Supreme honor for Manny Pacquiao
The eminent boxing scholar and authority Thomas Hauser, a Hall of Fame writer, said very few of today’s fighters have earned the right to be called great.
He blamed blind, excessive commercialism and loud, shallow publicity.
“The business of boxing today is as much about publicity and hype as it is about merit,” Hauser stated in an exclusive commentary for Boxing Scene.
Greatness has to be earned, he said.
————————So how is greatness (in boxing) achieved?
“Greatness is forged in adversity,” Hauser said.
“It takes a body of work,” he added.
————————So does this make Floyd Mayweather a certified greatest of all time with his magnificent unbeaten record?
“No, a fighter doesn’t have to be unbeaten to be great,” Hauser stressed.
He readily added that Sugar Ray Robinson, Joe Louis, Muhammad Ali and Sugar Ray Leonard proved that.
————————Hauser pushed hard and referred to the great Angelo Dundee, trainer of Ali.
“It’s what fighter does after he loses that makes him great,” Hauser quoted Dundee as saying.
Rating a fighter before his career is over is a perilous exercise in quantifying greatness, Hauser explained. Being immensely talented is different from greatness.
————————Hauser, who wrote the iconic Ali biography, considered the greatest book on The Greatest, said not every fighter who has been inducted into the International Boxing Hall of Fame was great.

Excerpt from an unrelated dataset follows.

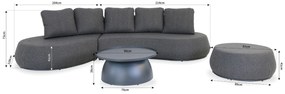 Loungeset tuin 4 personen Outdoor textiel Grijs  Lifestyle Garden Furniture Lugo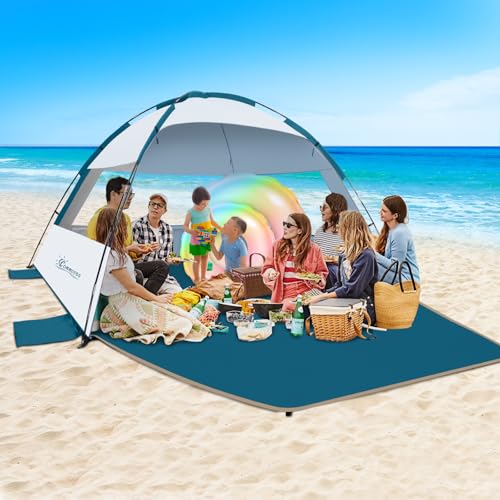 COMMOUDS Beach Tent Sun Shade for 3/4/6/8 Person, UPF 50+ Beach Sun Shelter Canopy Tent, Lightweight, Easy Set Up and Carry - color: Silver, size: 8 Person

“He must possess the inquisitors that are necessary to prove greatness,” Hauser said, before zeroing in on the core of his thesis:
“Among active fighters today, Manny Pacquiao clearly meets the standard for greatness. In many ways, he’s a throwback fighter. Pacquiao has boxed almost 500 rounds over the course of 71 professional bouts. He has fought 18 times against ten fighters [including Floyd Mayweather and Oscar de la Hoya] who are either in or will be in the Hall of Fame.”